======== INFORMATION ========

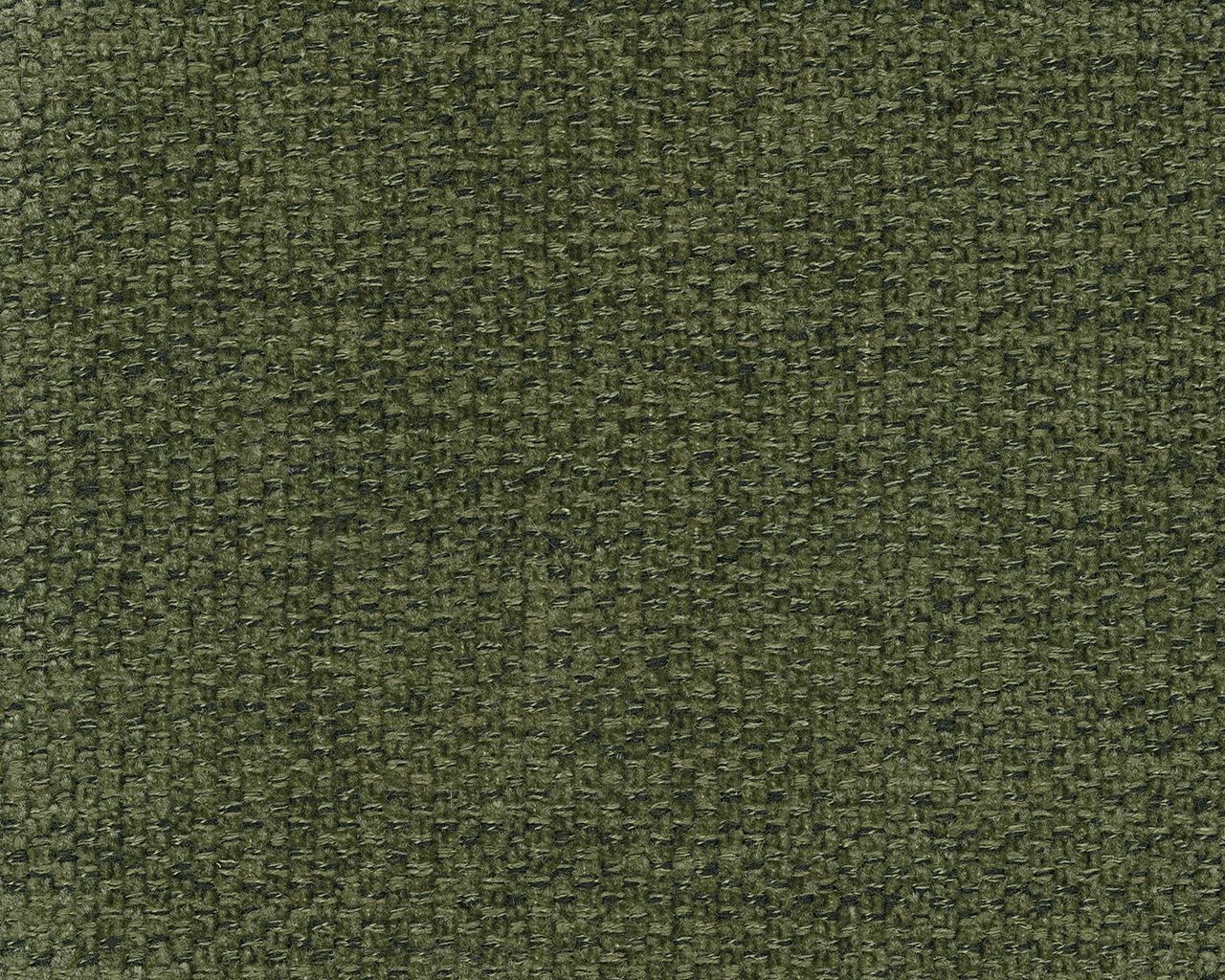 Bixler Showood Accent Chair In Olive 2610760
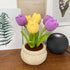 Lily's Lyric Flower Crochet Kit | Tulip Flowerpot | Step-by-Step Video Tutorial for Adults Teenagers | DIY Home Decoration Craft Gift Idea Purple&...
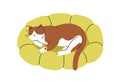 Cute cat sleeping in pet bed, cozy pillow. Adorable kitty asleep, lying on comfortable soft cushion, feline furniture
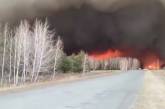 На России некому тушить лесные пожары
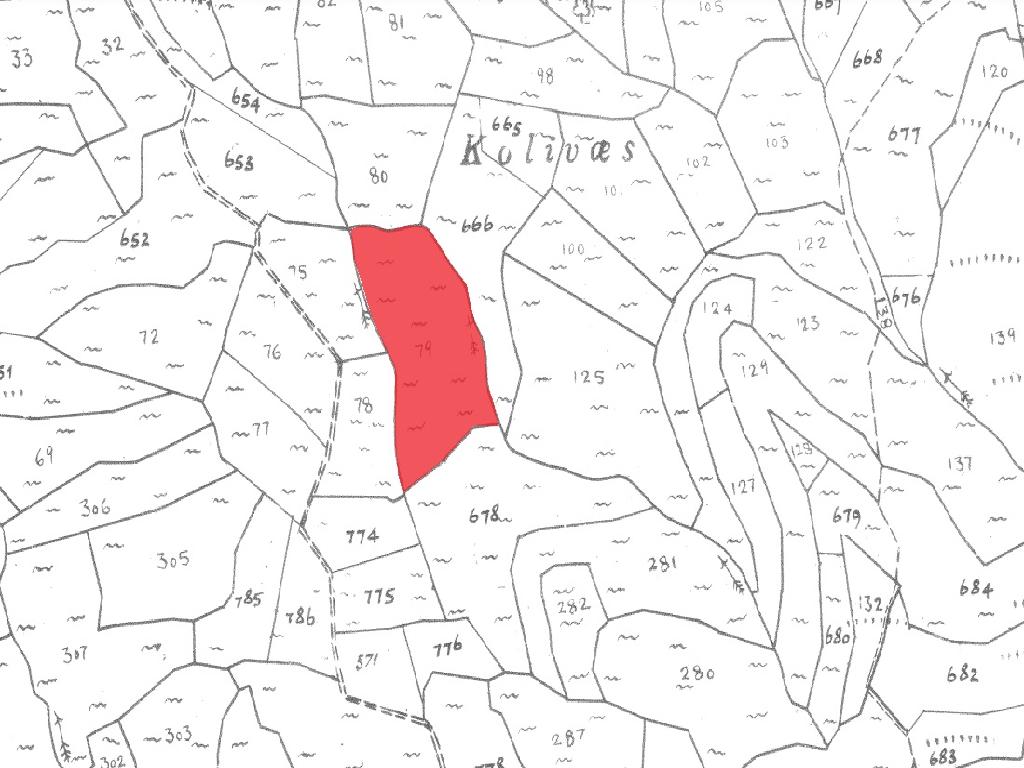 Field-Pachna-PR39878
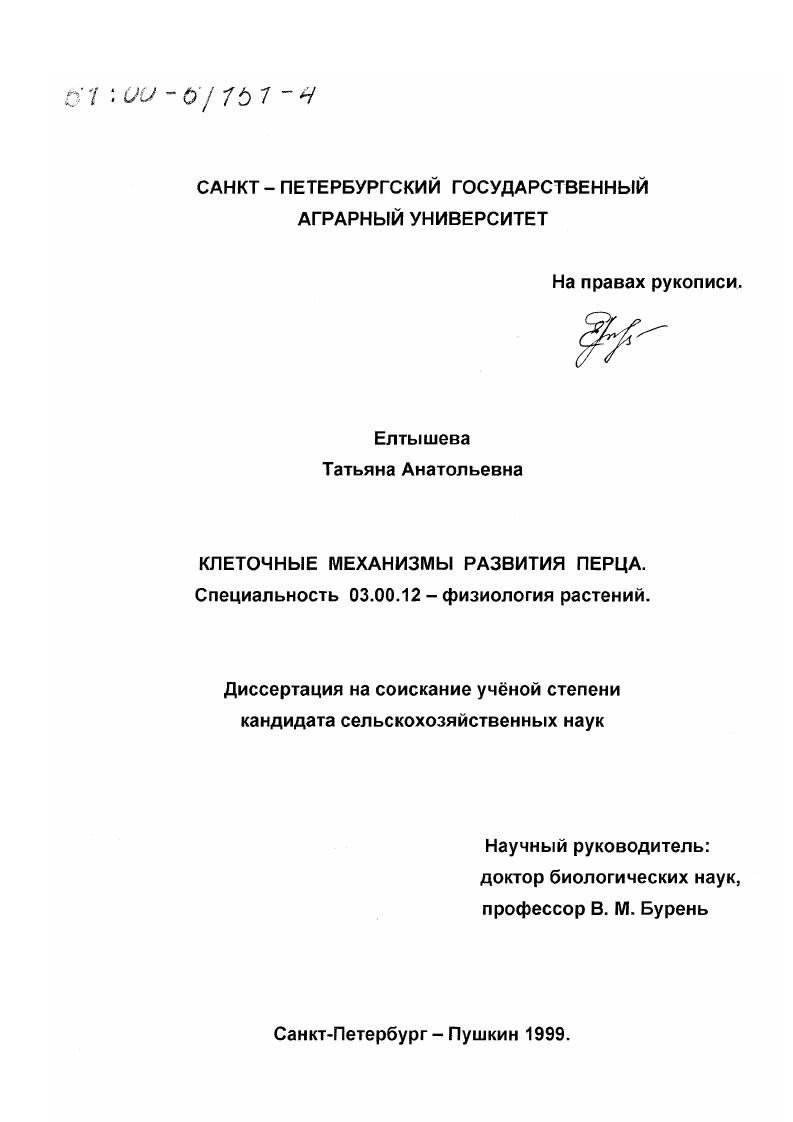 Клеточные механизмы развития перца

========
======== INFORMATION ========

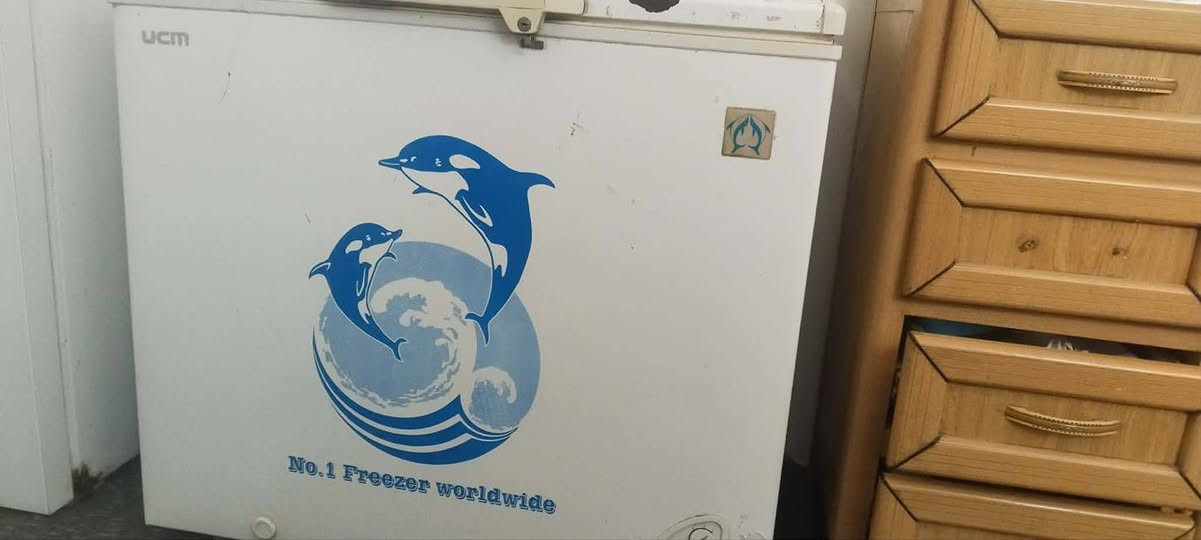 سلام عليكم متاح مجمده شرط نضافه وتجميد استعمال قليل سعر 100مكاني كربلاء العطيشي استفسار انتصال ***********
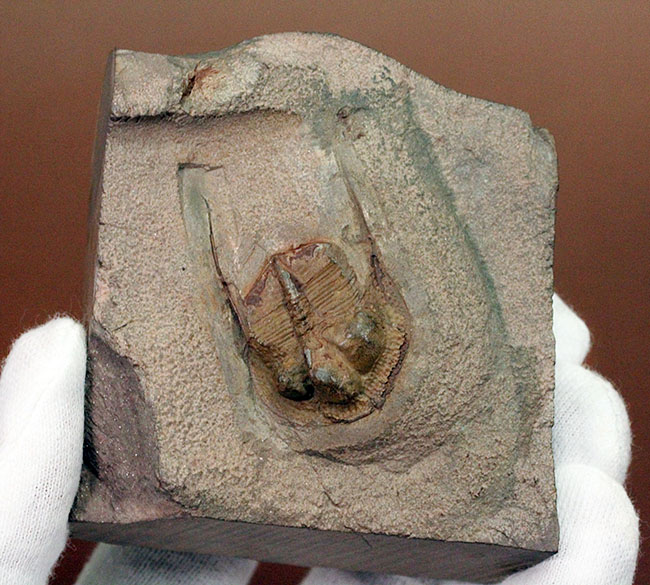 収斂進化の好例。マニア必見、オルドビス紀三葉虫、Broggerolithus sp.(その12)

========
======== INFORMATION ========

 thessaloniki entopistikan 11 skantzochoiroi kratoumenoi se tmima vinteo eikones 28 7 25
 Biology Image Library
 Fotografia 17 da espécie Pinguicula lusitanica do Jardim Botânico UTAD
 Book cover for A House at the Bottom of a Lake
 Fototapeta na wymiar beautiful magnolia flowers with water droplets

========

[WORK TO COMPLETE]
Please return the data above exactly as it stands from the line with "Bixler Showood Accent Chair In Olive 2610760" to the line with "Lily's Lyric Flower", keeping both of those lines but none of the pictures.

[WORKED SOLUTION]
 Bixler Showood Accent Chair In Olive 2610760
 Lily's Lyric Flower Crochet Kit | Tulip Flowerpot | Step-by-Step Video Tutorial for Adults Teenagers | DIY Home Decoration Craft Gift Idea Purple&...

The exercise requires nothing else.